Gtf, it wasn't a club that evaluated him. I didn't go there yet. I asked my trainer to eval him. My trainer competes nationally and I'd say def knows what he's doing. He also hosts a club though not taking any members now (or didn't want my dog)
In any case, I'm having a hard time dismissing what he says. I might still go for the eval and the club already told me they Will take him. They said any dog can do some parts. It is expensive, $500 down and $100 a month. So if anything, I'd be more inclined to ignore their eval because they'd tell me things I want to hear to get me to join.
My trainer isn't gaining or losing anything.
But my dog has nerve issues. There is no way around it. I can dance around and make excuses but there's no reason for him to bark at people. He barks at someone almost every day. He barks at every dog.
My trainer saw him react to a dog and said It was defense, so fear but I already knew that.
I'm almost sure he reacts to people out of fear too.

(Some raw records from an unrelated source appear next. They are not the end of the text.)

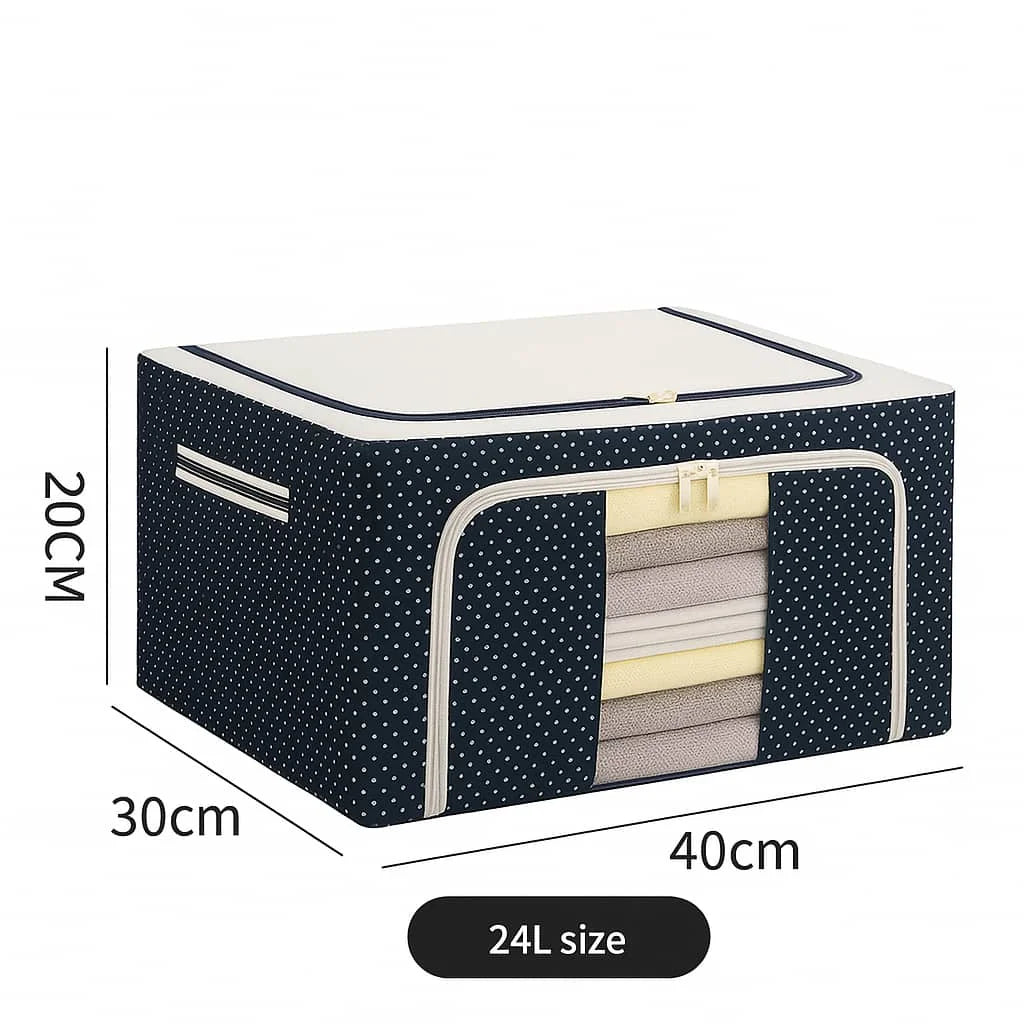 Grosyhub Double-Sided Zipper Living Box - Fabric Storage Boxes for Clothes, Saree Cover Bags - 24 Litre, Pack of 1, Polka Dot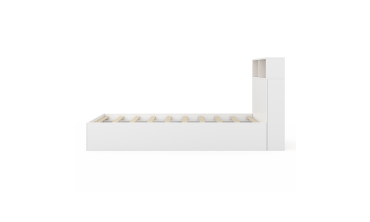 Lit simple Gaby avec rangements 90x190cm blanc bois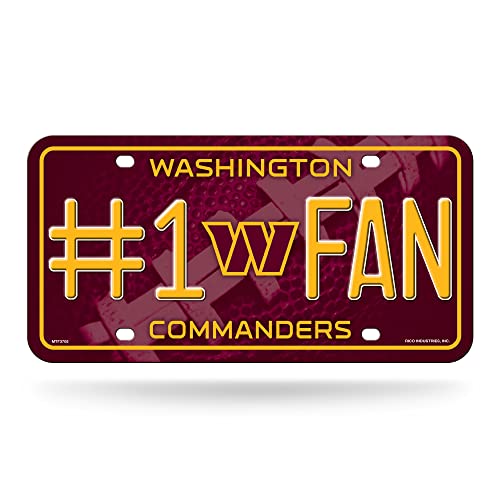 Rico Industries NFL Washington Commanders #1 Fan #1 Fan Metall Auto Tag 21,6 x 27,9 cm – ideal für LKW/Auto/SUV Rico Industries NFL Washington Commanders #1 Fan #1 Fan Metall Auto Tag 21,6 x 27,9 cm – ideal für LKW/Auto/SUV von Rico Industries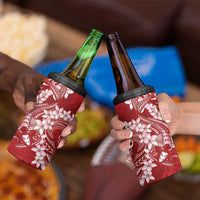 Red Polynesia Hammerhead Shark Tattoo With Plumeria Lei 4 in 1 Can Cooler Tumbler LT14 - Polynesian Pride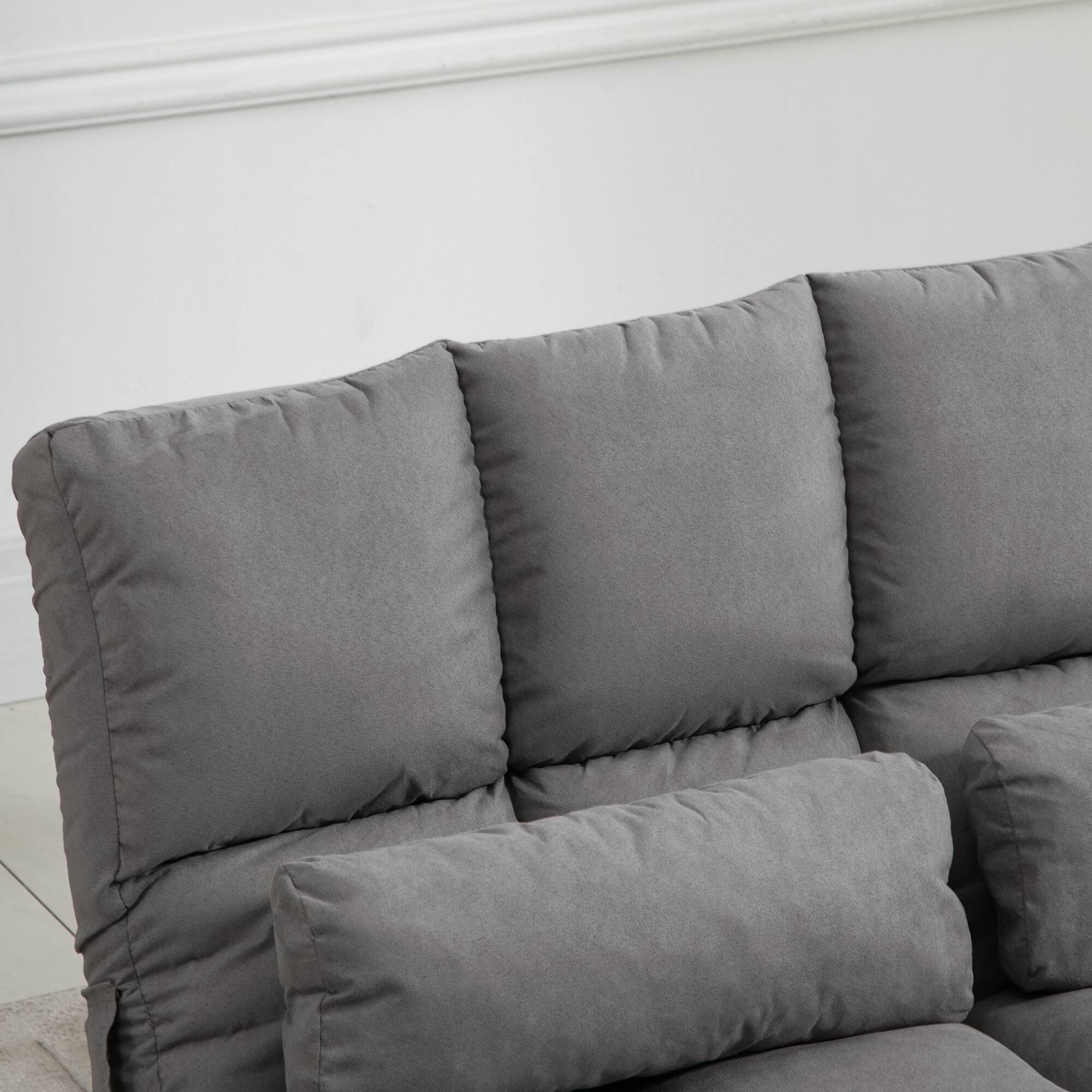 Alt View 7. Homcom - Convertible Floor Sofa Chair, Folding Couch Bed, Guest Chaise Lounge with 2 Pillows, Adjustable Backrest - Dark Gray.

The reason I'm trying to understand what drives his reactions is because I don't want to punish fear. I'm confused.
Also, I can't correct him hard enough. Once he goes into a fit he doesn't feel anything.
Even if he wants to sniff something really bad or pull - I can yank all I want, total ignore.
If he's fear aggressive or insecure then where's this hardness coming from? How does he take all this pain and ignore it? Or he can be nervy and hard at the same time?
I'm soo confused if it's not obvious
One more thing. I know I should catch the reaction before it happens (optimally) but since I've missed a few I think now I might be popping him thinking he was about to react and he wasn't.
So unfair again
I thought about doing this. I posted earlier, I'm afraid that by making him sit when a dog goes by I'm making it an event. I'd like a 'keep going, nothing special' approach.
But it does sound appealing because it's breaking the sit he's being punished for
And why forget the videos lol? This is separate from reactivity. I like to have him have fun during training. Any trainer I go to isn't too interested in it. They make the dog do what's told. To me that sounds like the easy way out. Maybe I'm wrong
Steve, one more. With dogs it's easier, any dog I see I will do what I decide on (sit, keep walking, whatever)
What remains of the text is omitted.